Even though the federal government isn’t taxing student loan forgiveness right now, some states still do.
Most states follow federal tax laws, but a few have their own rules and still count forgiven loans as taxable income.
As of 2024, these states may tax certain types of student loan forgiveness:
- Arkansas – Taxes most forgiven loans, except for PSLF and disability discharge.
- Indiana – All forgiven loans are taxed unless part of PSLF, Teacher Loan Forgiveness, or disability discharge.
- Mississippi – Forgiven loans are taxable unless canceled under special programs like the CARES Act.
- North Carolina – Forgiven loans are taxed unless canceled due to death, disability, or bankruptcy.
- Wisconsin – Most forgiven loans are taxed unless canceled under PSLF or due to death or disability.
If you live in one of these states, check your local tax laws to see if you’ll owe anything.
What If Biden’s Loan Forgiveness Plan Is Blocked?
Millions of borrowers were expecting relief under President Biden’s student loan forgiveness plan, which aimed to cancel up to $20,000 per borrower. However, a federal appeals court permanently blocked the plan, meaning many borrowers won’t see that relief.
That said, some existing loan forgiveness programs are still available, including:
- Public Service Loan Forgiveness (PSLF) – Cancels loans for government and nonprofit workers after 10 years of payments.
- Income-Driven Repayment (IDR) Forgiveness – Forgives remaining loan balances after 20–25 years of payments.
- Teacher Loan Forgiveness – Cancels up to $17,500 in loans for teachers in low-income schools.
These programs are still tax-free at the federal level until at least 2025, but some states may still tax the forgiven amount.

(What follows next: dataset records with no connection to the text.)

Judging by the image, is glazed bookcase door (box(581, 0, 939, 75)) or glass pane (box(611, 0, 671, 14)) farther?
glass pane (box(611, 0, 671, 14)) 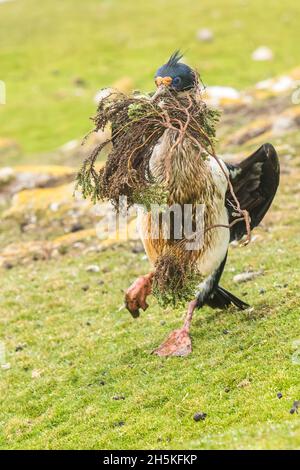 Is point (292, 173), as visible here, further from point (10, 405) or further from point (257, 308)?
point (10, 405)

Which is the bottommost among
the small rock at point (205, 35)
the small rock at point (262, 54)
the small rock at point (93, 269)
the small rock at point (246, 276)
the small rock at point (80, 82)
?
the small rock at point (93, 269)

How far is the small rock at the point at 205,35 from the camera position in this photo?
64000mm

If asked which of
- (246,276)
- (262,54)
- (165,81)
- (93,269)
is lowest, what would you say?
(93,269)

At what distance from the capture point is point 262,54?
58438mm

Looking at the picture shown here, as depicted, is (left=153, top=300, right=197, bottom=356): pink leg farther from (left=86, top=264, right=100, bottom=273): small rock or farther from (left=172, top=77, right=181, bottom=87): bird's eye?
(left=86, top=264, right=100, bottom=273): small rock

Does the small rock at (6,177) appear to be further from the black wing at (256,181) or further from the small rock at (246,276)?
the black wing at (256,181)

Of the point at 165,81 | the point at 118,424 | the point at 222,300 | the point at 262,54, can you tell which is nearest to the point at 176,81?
the point at 165,81

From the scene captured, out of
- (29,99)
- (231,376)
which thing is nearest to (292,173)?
(231,376)

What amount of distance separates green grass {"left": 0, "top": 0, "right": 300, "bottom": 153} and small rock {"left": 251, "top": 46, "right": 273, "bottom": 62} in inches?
26.8

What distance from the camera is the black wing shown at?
464 inches

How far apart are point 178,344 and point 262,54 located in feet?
165

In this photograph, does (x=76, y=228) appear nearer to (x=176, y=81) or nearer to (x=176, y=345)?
(x=176, y=345)

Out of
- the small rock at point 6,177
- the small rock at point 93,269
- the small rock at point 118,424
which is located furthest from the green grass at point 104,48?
the small rock at point 118,424

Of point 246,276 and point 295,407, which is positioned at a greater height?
point 246,276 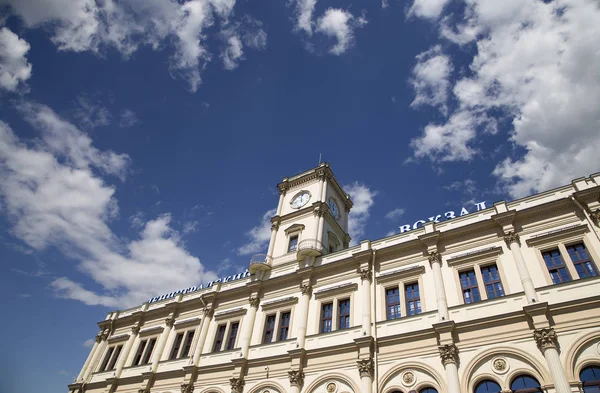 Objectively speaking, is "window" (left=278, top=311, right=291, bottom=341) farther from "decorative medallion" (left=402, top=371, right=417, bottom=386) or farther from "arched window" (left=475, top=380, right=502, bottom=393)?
"arched window" (left=475, top=380, right=502, bottom=393)

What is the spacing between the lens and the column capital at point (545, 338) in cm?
1847

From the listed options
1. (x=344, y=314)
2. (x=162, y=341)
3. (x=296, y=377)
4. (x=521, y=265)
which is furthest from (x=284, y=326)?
Answer: (x=521, y=265)

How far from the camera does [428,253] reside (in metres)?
25.4

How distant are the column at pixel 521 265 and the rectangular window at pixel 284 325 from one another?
16126 mm

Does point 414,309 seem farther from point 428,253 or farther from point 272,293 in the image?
point 272,293

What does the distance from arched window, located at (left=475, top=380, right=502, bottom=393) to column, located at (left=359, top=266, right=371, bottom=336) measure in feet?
22.0

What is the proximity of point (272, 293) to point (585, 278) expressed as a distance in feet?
69.2

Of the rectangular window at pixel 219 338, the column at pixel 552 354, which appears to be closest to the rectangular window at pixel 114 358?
the rectangular window at pixel 219 338

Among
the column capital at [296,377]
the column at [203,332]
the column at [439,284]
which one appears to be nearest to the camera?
the column at [439,284]

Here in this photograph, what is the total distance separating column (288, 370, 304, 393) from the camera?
79.6 feet

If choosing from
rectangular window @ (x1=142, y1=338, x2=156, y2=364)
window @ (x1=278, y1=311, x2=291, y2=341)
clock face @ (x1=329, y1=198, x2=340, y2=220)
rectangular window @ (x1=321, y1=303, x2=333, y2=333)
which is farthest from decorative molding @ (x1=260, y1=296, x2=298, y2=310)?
rectangular window @ (x1=142, y1=338, x2=156, y2=364)

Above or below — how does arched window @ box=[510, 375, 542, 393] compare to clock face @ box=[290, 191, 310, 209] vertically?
below

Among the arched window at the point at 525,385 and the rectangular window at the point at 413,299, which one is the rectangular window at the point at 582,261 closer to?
the arched window at the point at 525,385

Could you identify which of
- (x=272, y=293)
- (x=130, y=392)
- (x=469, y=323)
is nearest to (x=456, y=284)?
(x=469, y=323)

How to Avoid a Surprise Tax Bill
If you’re expecting student loan forgiveness, here’s how to avoid a tax shock:
- Check Your State’s Tax Rules – Some states tax forgiven loans, so visit your state’s tax website or talk to a tax professional.
- Plan for 2026 and Beyond – If your loans will be forgiven after 2025, be ready for possible federal taxes unless the exemption is extended.
- Save Money Just in Case – If your loan forgiveness could be taxed, start setting aside money now so you’re not caught off guard later.
- Stay Informed – Congress could extend the tax break, so keep an eye on student loan news and IRS updates.